We thought Tyvek would be great for making our own bivouac bags. It seems like the ideal material: light, resistant, waterproof and breathable. So we decided to do a basic bivouac for the two of us.
We use two sheets of Tyvek to make the equivalent of a top sheet and a bottom sheet. The second step was to place the sheets, one on top of the other. Using Tyvek tape taped around the bottom 3/4 of the two sheets. The net effect was something like a giant Tyvek sleeping bag that would fit our actual sleeping bags. We also used a soldering iron to melt some holes into which we glued grommets. We thought we might want to use some line to tie the end of the bivouac.
Our first night was in the snow at about 5 ° F. It was very quiet, but very cold. I kept my head at the open end of the bivouac. It seems obvious to me. I tied the end and could feel some of that really cold air on my face so I slipped into my bag a bit and ended up feeling comfortable all night. My bag of feathers stayed dry and warm.

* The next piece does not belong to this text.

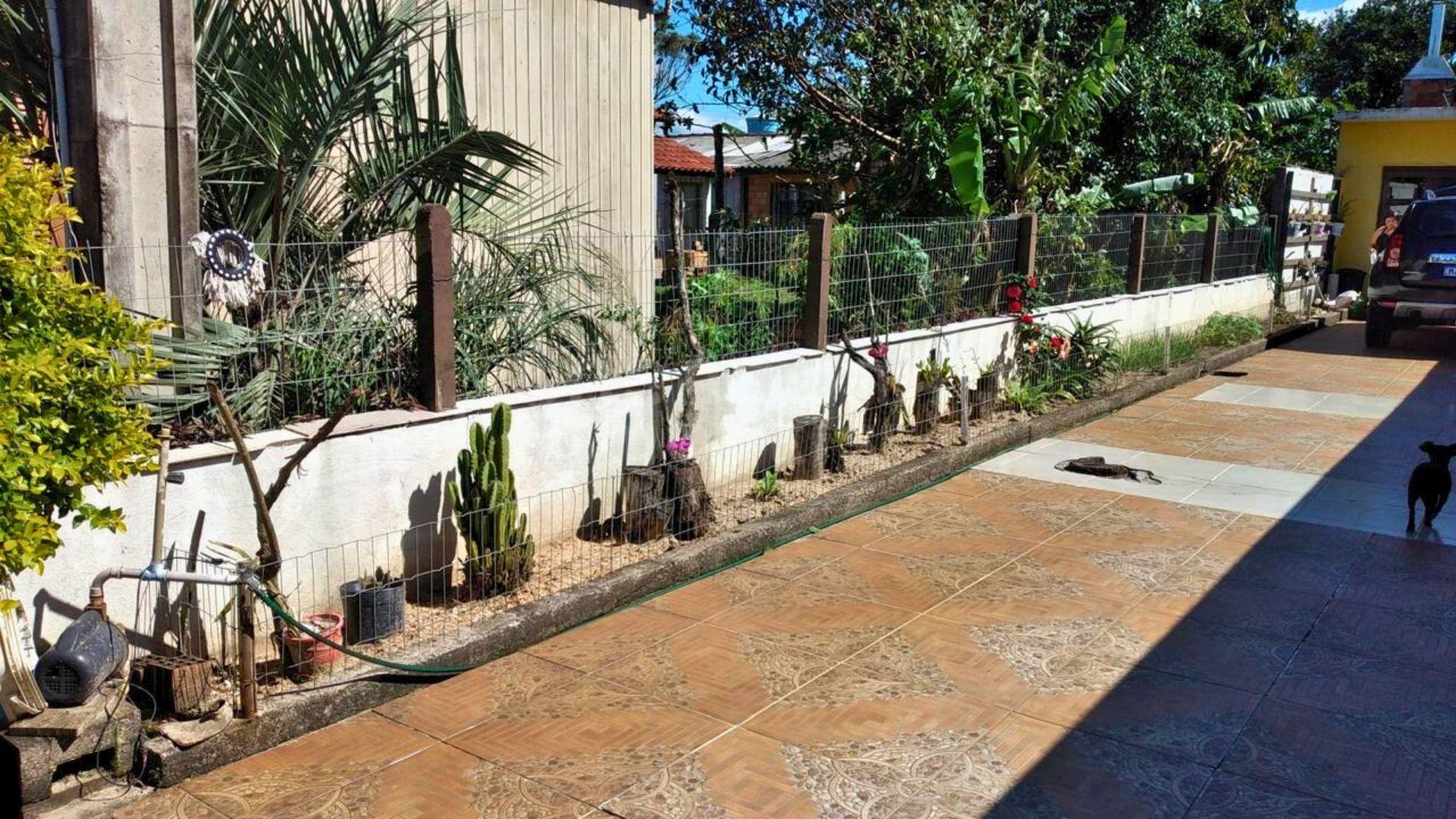 Casa com Amplo Espaço e Lazer em Arroio do Sal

My friend seemed to think it would be a good idea to go head first and didn’t think it would be wise to tie up the end of his bivouac. His breath ended up condensing inside the bivouac during the course of the night. In the morning, he said that every time he filmed there was a tiny little shower of ice crystals. It wasn’t that nice.
Because it was freezing, we went down a lot in altitude for the next night with the Tyvek. We ended up camping by car. It just so happens that the second night was windy even though it was much hotter. In the morning we agreed that being on Tyvek was like sleeping inside a bag of chips. It was pretty loud!
On the positive side, a woman from a nearby camp asked us if we were testing equipment for a technical manufacturer. He used to work for Patagonia and said he saw a lot of people trying unusual equipment. Apparently at least we looked cool enough that she thought we weren’t just crazy!